__Exercise details__:
Set down the entries below exactly; drop the pictures.

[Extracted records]
━━━━━━
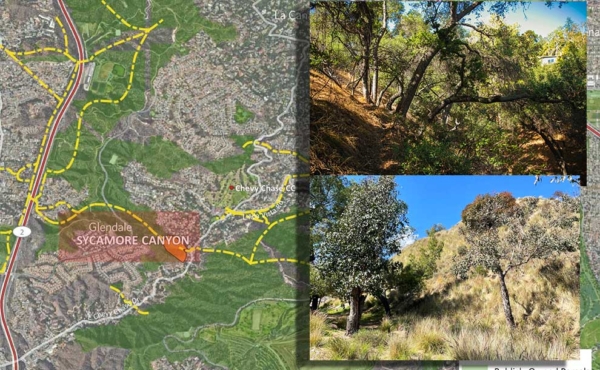 a canyon with trees and a map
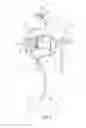Fig. 06 - Support platform for body treatment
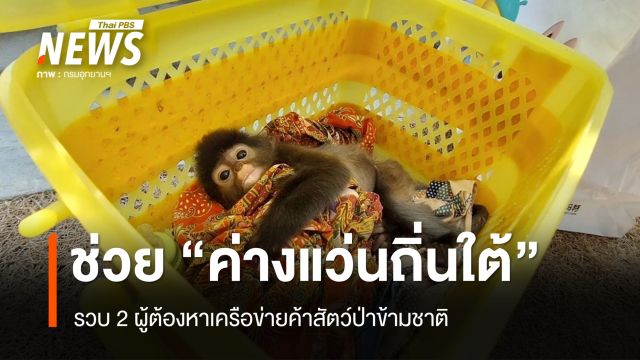 รวบ 2 ผู้ต้องหาเครือข่ายค้าสัตว์ป่าข้ามชาติ พร้อมของกลาง "ค่างแว่นถิ่นใต้"  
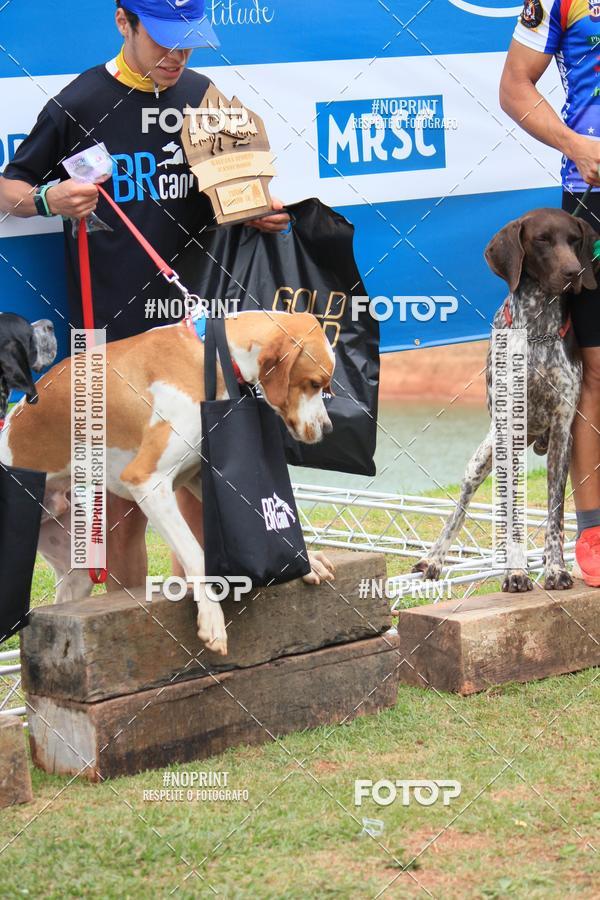 Buy your photos of the eventKaluan� Trail e Canicross - Irisphoto on Fotop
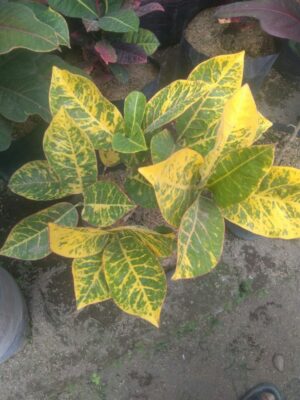 Bibit tanaman puring manila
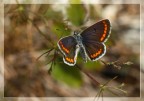 Aricia agestis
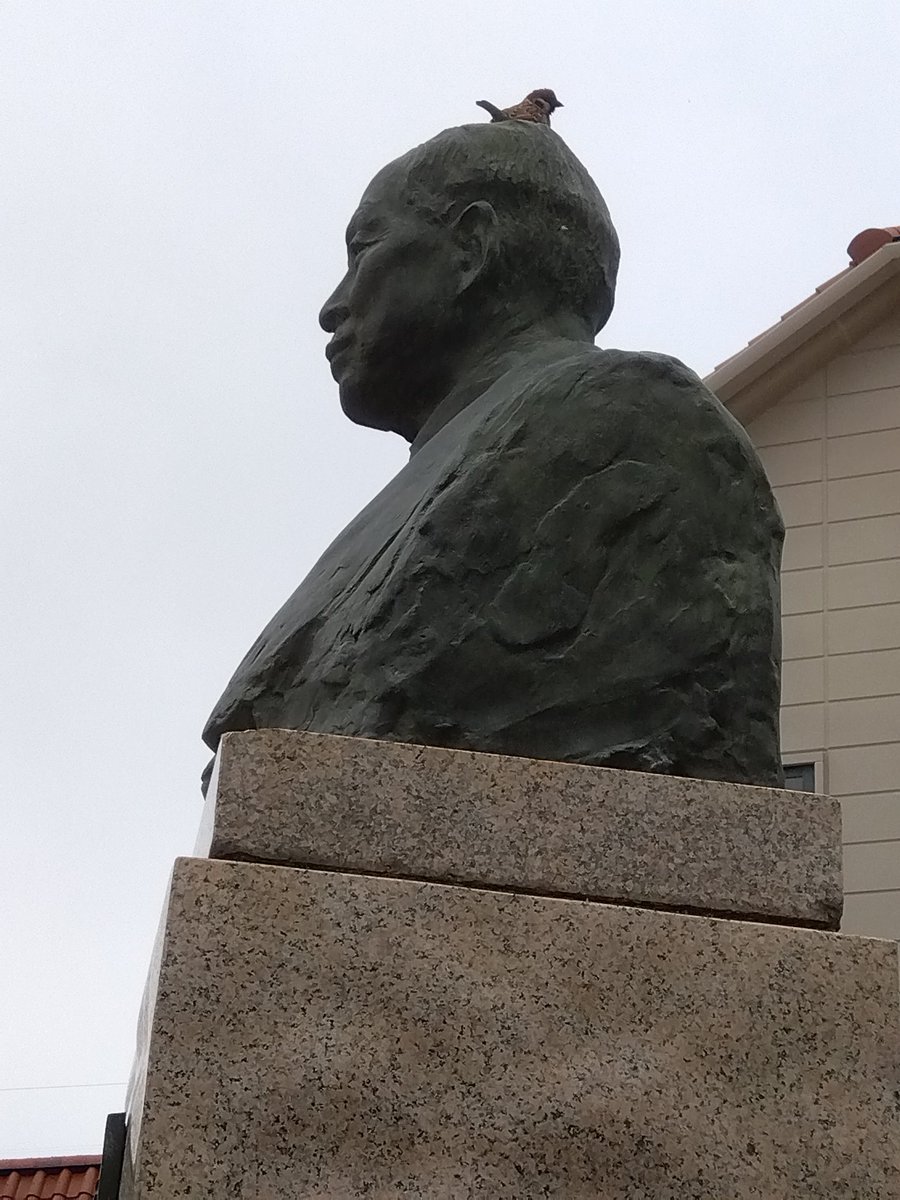 馬場卓也＠ルプフィ作家🐶 tweet media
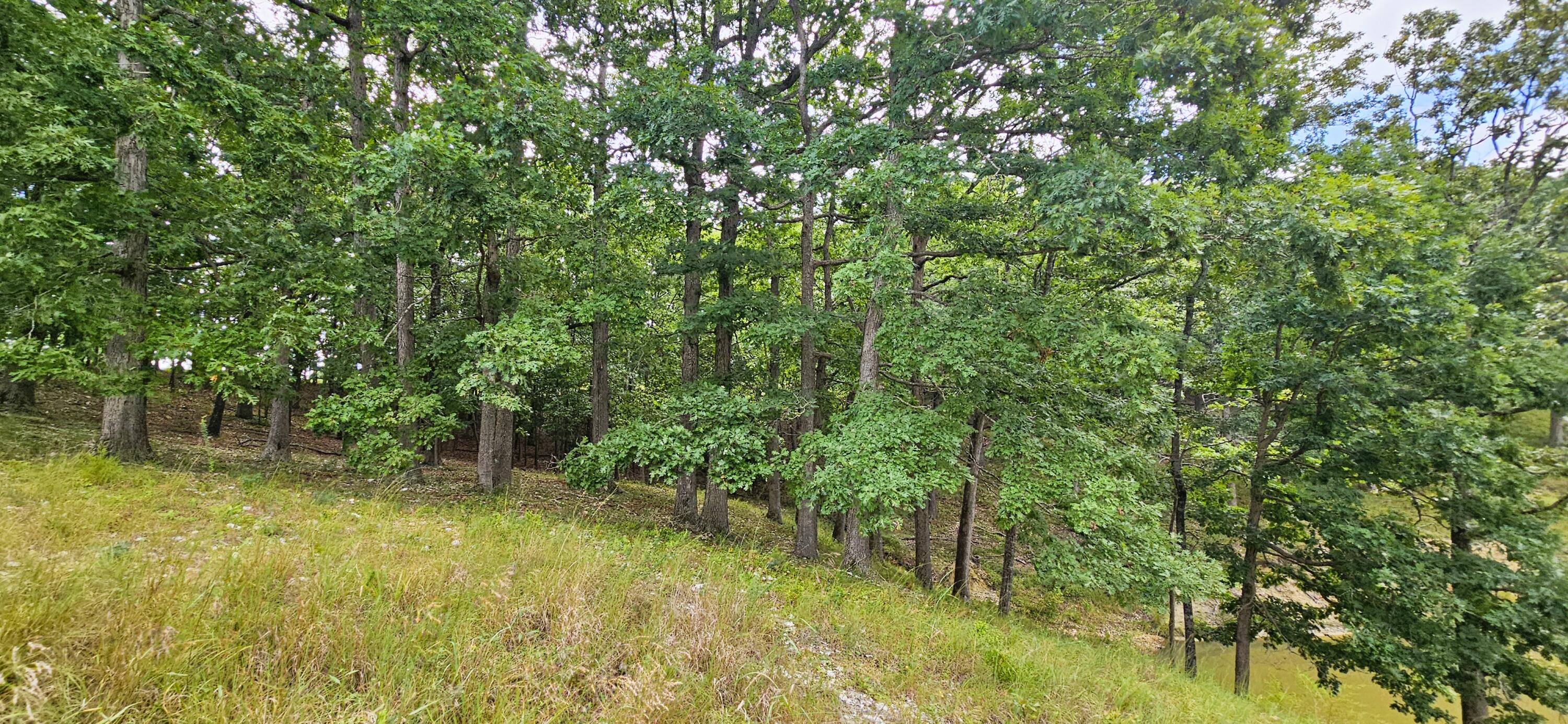 main property photo 73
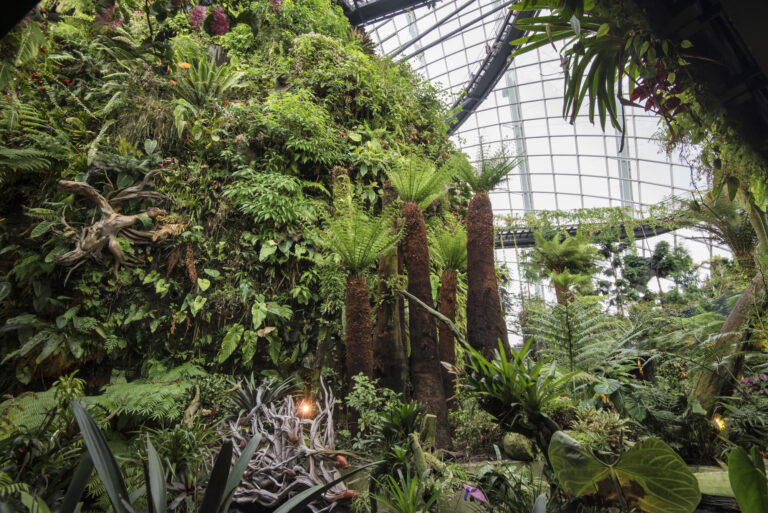 20 Architectural Designs Inspired by Nature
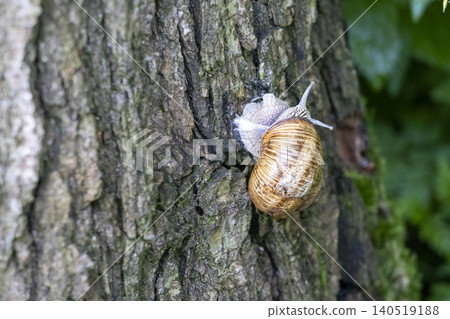 Grape snail crawling vertically on a rough tree bark, close-up shot Grape snail crawling vertically on a rough tree bark, close-up shot 140519188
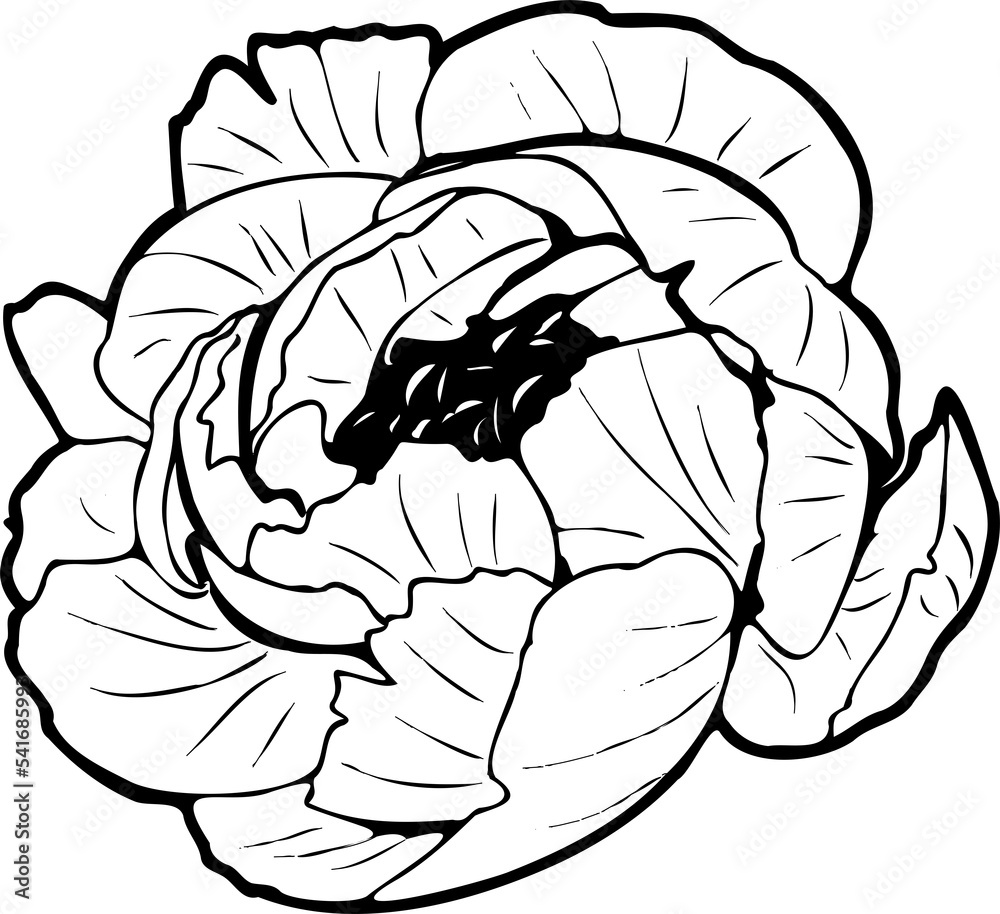 Fototapeta premium Peony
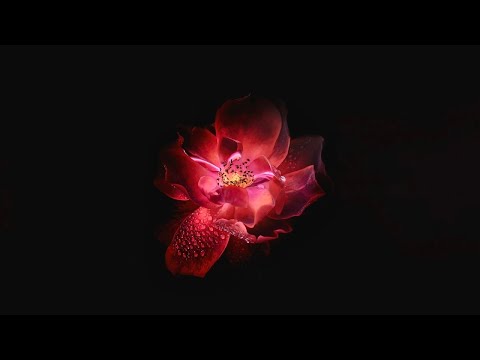 Video: Datura - Giftig Datura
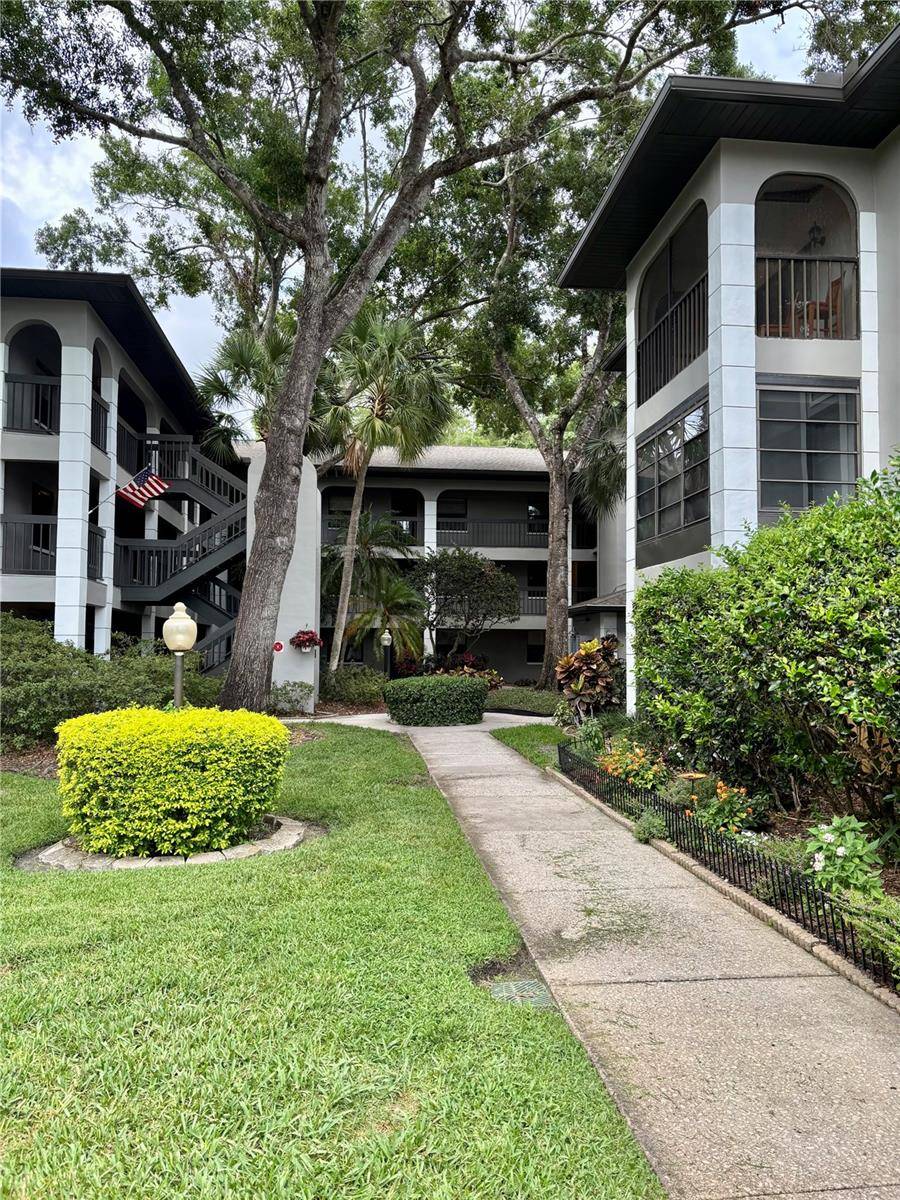 Palm Harbor, FL 34685,3399 MERMOOR DR #207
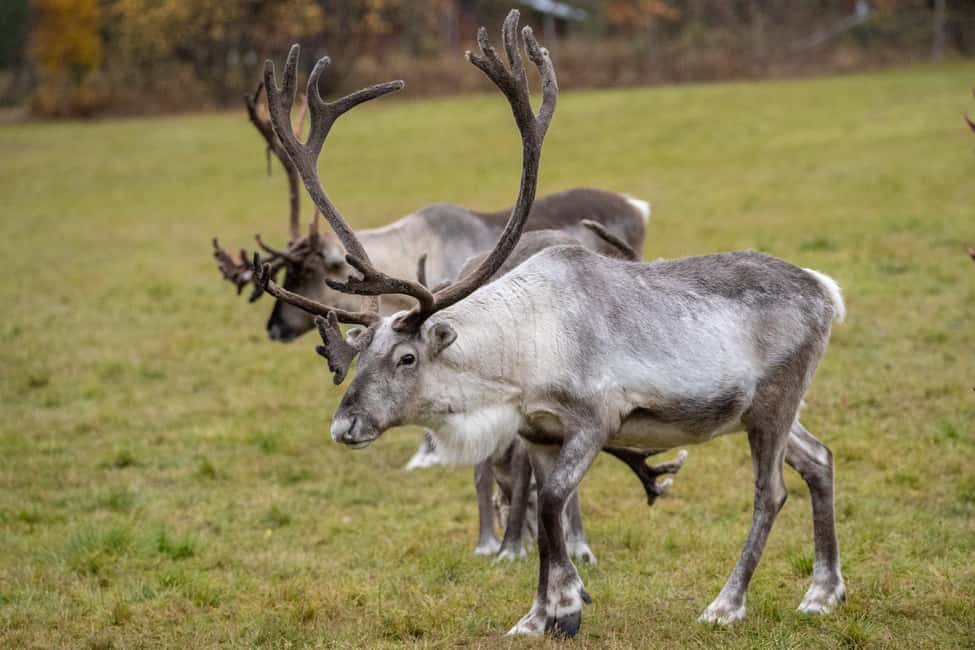 Rovaniemi: E-fatbike Trip to the Reindeer Farm - A Few Considerations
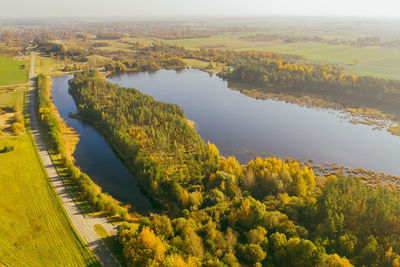 High angle view of river amidst trees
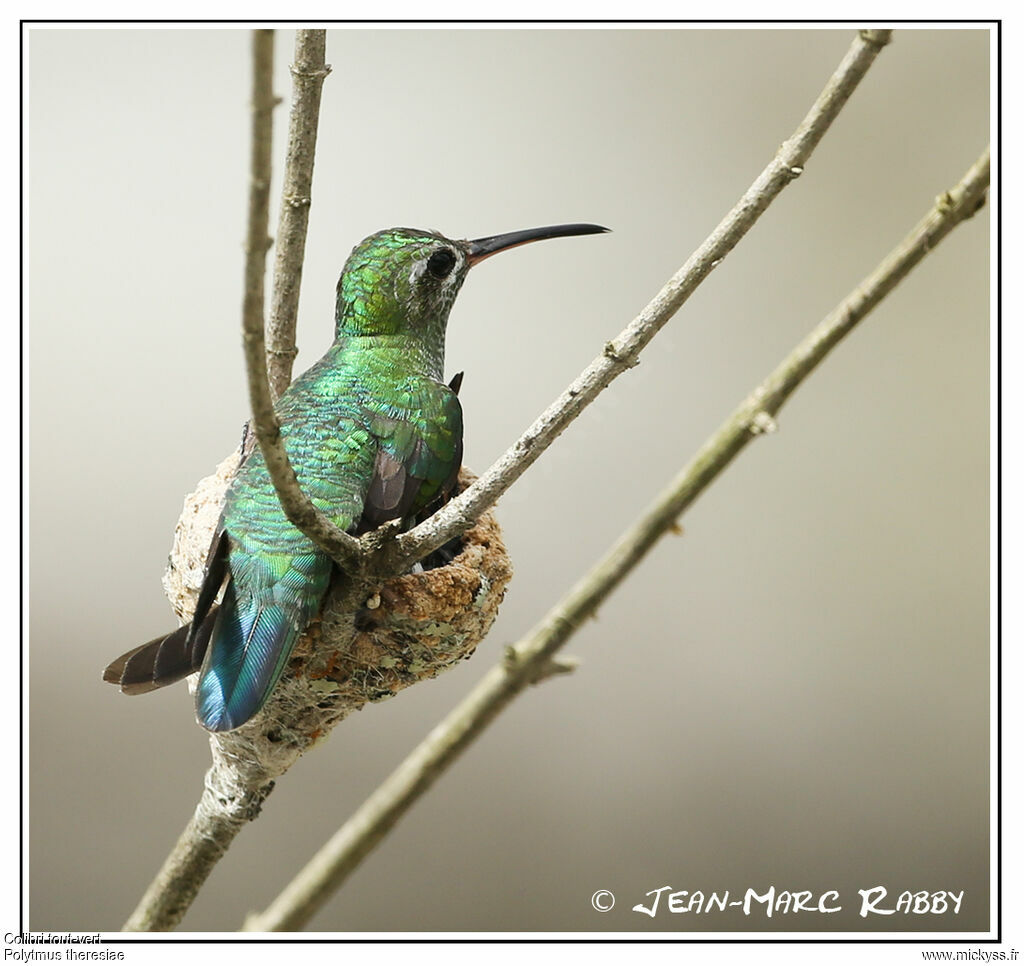 Green-tailed Goldenthroat, identification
━━━━━━
__Expected answer__:
 a canyon with trees and a map
Fig. 06 - Support platform for body treatment
 รวบ 2 ผู้ต้องหาเครือข่ายค้าสัตว์ป่าข้ามชาติ พร้อมของกลาง "ค่างแว่นถิ่นใต้"  
 Buy your photos of the eventKaluan� Trail e Canicross - Irisphoto on Fotop
 Bibit tanaman puring manila
 Aricia agestis
 馬場卓也＠ルプフィ作家🐶 tweet media
 main property photo 73
 20 Architectural Designs Inspired by Nature
 Grape snail crawling vertically on a rough tree bark, close-up shot Grape snail crawling vertically on a rough tree bark, close-up shot 140519188
 Fototapeta premium Peony
 Video: Datura - Giftig Datura
 Palm Harbor, FL 34685,3399 MERMOOR DR #207
 Rovaniemi: E-fatbike Trip to the Reindeer Farm - A Few Considerations
 High angle view of river amidst trees
 Green-tailed Goldenthroat, identification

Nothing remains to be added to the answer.